Factors predicting death are APACHEII. ISS. RTS2, the number of packed red blood cells transfused and organs injured, which are associated with the severity of injury[29]. Our study showed that liver insufficiency was positively associated with a poorer outcome. The lower survival and increased complication rates of cirrhotic trauma patients suggest that there is no "margin for error" in managing these patients. Thus, several management suggestions can be proposed for the improvement in cirrhotic patients with abdominal trauma[30]. It is critical to promptly diagnose and treat injuries in cirrhotic trauma patients. Since bleeding complications are frequent in cirrhotic patients, early and aggressive correction of coagulation parameters and hypothermia is crucial[31]. Poor nutrition is common in these patients and low albumin is different in survivors and non survivors. Therefore, early appropriate nutritional support should be provided. Solutions rich in branched-chain amino acids and low in aromatic amino acids can reduce hepatic encephalopathy and improve the outcome[32,33].

In conclusion, cirrhotic patients constitute a small subset of trauma patients admitted to our institution. Cirrhosis has a significantly independent adverse impact on survival of these patients. Treatment of trauma patients with severe pre-existing liver diseases remains a challenge to the surgeon.

COMMENTS
Background

Liver cirrhosis is the tenth leading cause of death. Although cirrhosis-related deaths have decreased, it leads to approximately 30000 deaths annually, mostly in Asian countries. Trauma is a major public health problem in the world. Trauma in combination with cirrhosis brings about unique challenges and problems in patients. Surgeons in a trauma center treat a variety of patients every day, but treatment of trauma cirrhotic patients remains a challenge.

Research frontiers

Many reports have shown that mortality and morbidity rates are increased in patients with cirrhosis undergoing elective or emergency surgery. Also the degree of hepatic insufficiency is a prime factor for determining the outcome of these patients. Despite the interest in the outcome of surgical cirrhotic patients, few reports are available on their outcome.

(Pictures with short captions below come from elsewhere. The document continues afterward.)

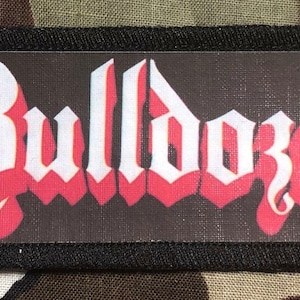 Patch impresso por sublimação com o logotipo Bulldozer da banda Thrash Metal B039P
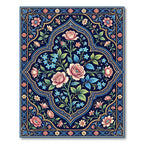 Midnight Floral Rose Bloom Medallion Rug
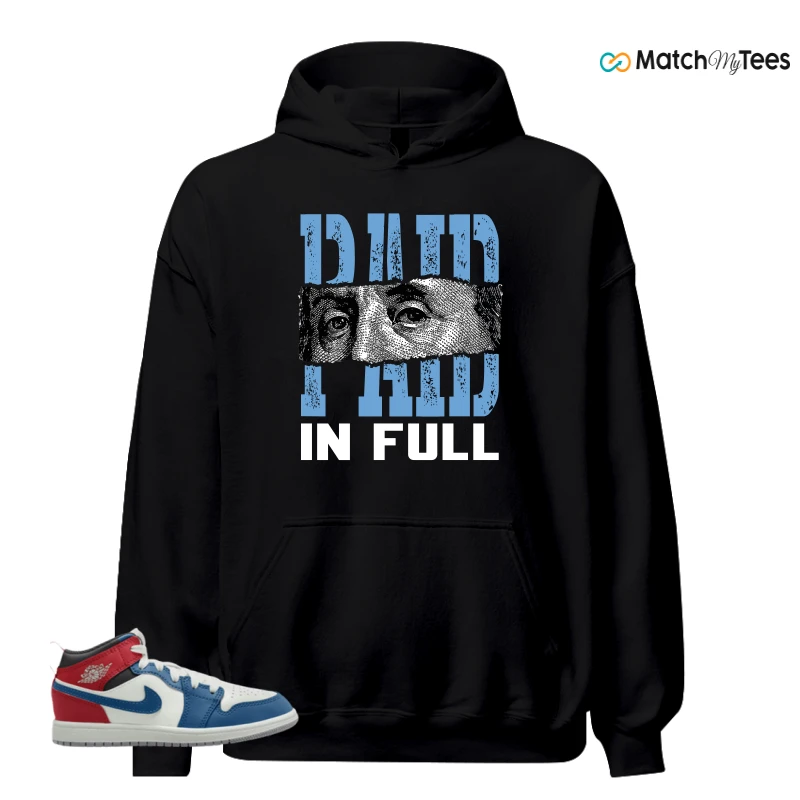 NIKE JORDAN 1 MID TRUE BLUE VARSITY RED (PS) SNEAKER Matching Tees hoodie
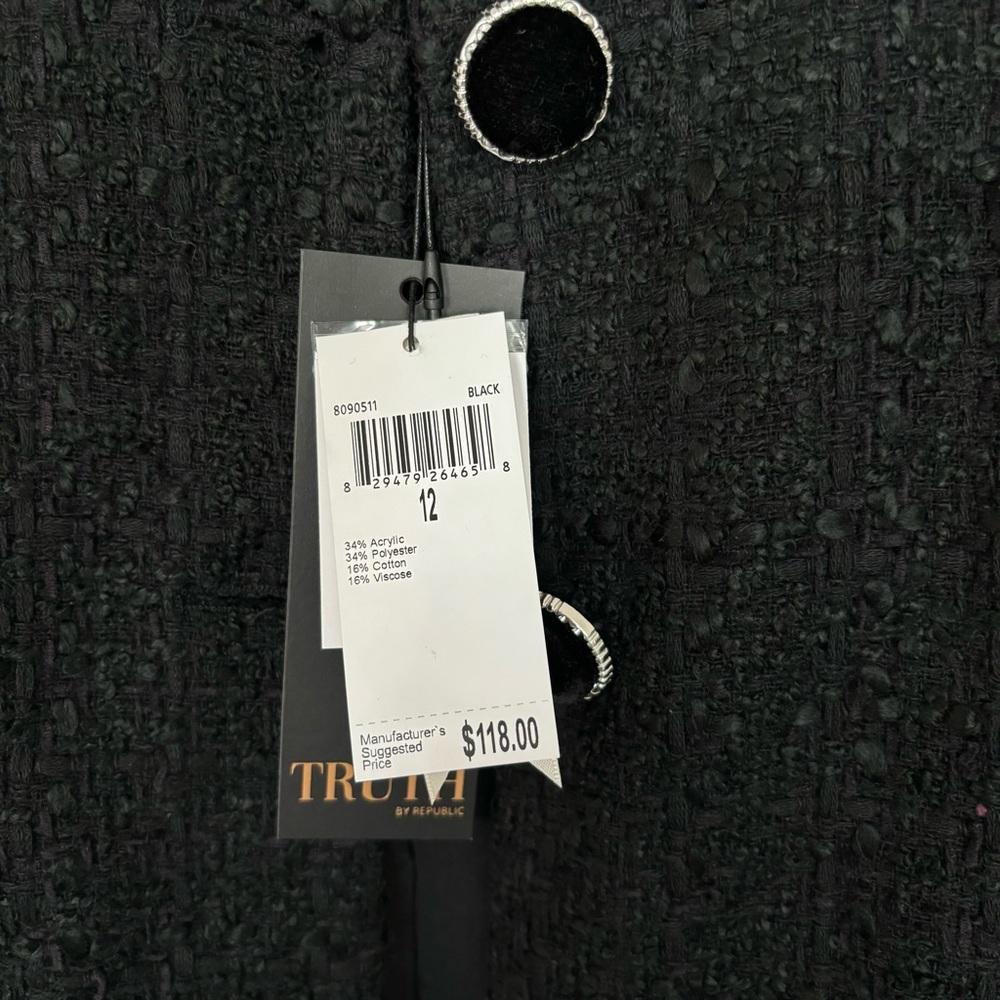 TRUTH by Republic Vintage-Style Cropped Tweed Boucle Bomber Jacket--NWT--12 - Picture 7 of 15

Innovations and breakthroughs

The authors reviewed and analyzed the data on trauma patients with pre-existing cirrhosis admitted to a trauma center in East China from 2000 to 2005. This study showed that liver insufficiency was positively associated with a poorer outcome, suggesting that cirrhosis has a significantly independent adverse impact on survival of these patients.

Applications

Several management suggestions are proposed for the improvement in cirrhotic patients with abdominal trauma. It is critical to promptly diagnose and treat injuries for cirrhotic trauma patient. Since bleeding complications are frequent in cirrhotic patients, early and aggressive correction of coagulation parameters and hypothermia is crucial. Early appropriate nutritional support should be provided.

Terminology

Hepatic cirrhosis: a kind of pathological changes in liver. Hepatic cirrhosis is frequently followed by hepatocellular necrosis. Cirrhosis, regardless of its etiology, inhibits the liver's response to injury. The predominant histological features are wide-spread fibrosis and nodule formation with loss of normal hepatic architecture. These changes are manifested clinically as hepatic failure and portal hypertension, the magnitude of which determines the course and prognosis of individual patients.

Peer review

This is an interesting manuscript, showing that cirrhosis is associated with a higher mortality, a longer time of ICU and hospital stay in trauma patients. Treatment of trauma patients with severe pre-existing liver disease remains a challenge to the surgeon.